Reprint all of the data below exactly as shown and skip every image.
INPUT DATA below:
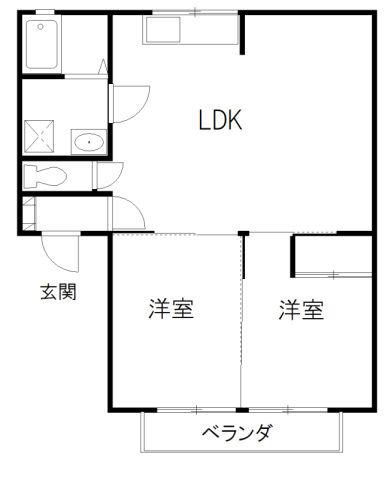 メゾン・サカエ(2LDK/2階)の間取り写真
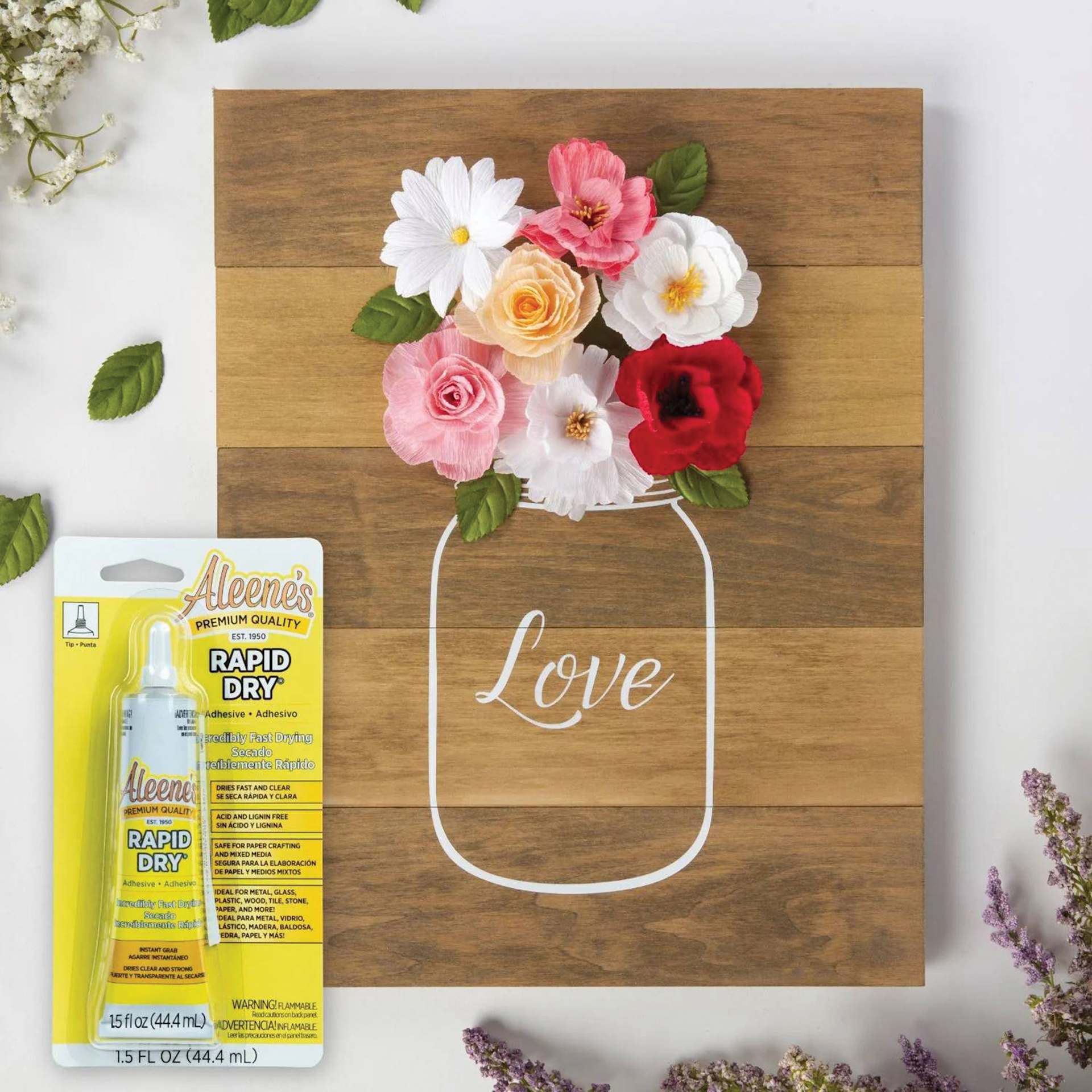 Aleene's Rapid Dry Mixed Media Adhesive - 1.5 oz with completed floral project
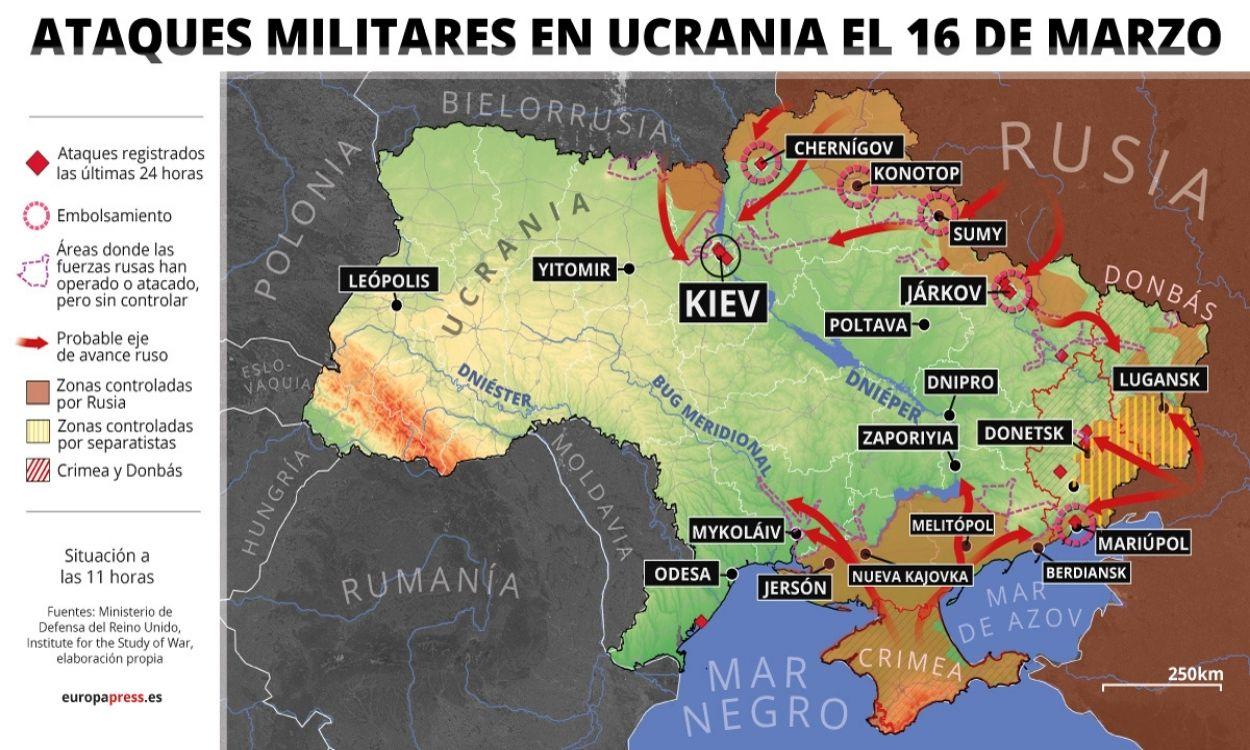 Mapa de los ataques militares en Ucrania del 16 de marzo. Europa Press.
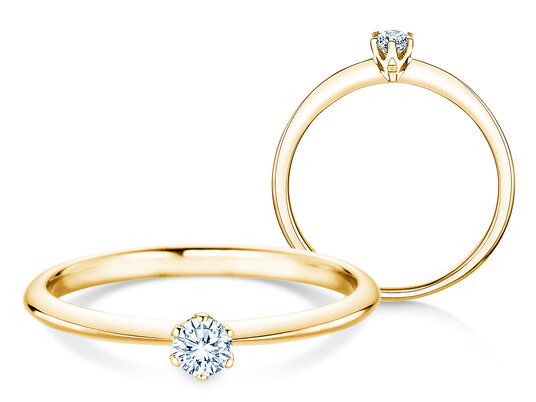 Verlobungsring The One in 14K Gelbgold mit Diamant 0,15ct H/SI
End of INPUT DATA.
### ANSWER SPACE
 メゾン・サカエ(2LDK/2階)の間取り写真
 Aleene's Rapid Dry Mixed Media Adhesive - 1.5 oz with completed floral project
 Mapa de los ataques militares en Ucrania del 16 de marzo. Europa Press.
 Verlobungsring The One in 14K Gelbgold mit Diamant 0,15ct H/SI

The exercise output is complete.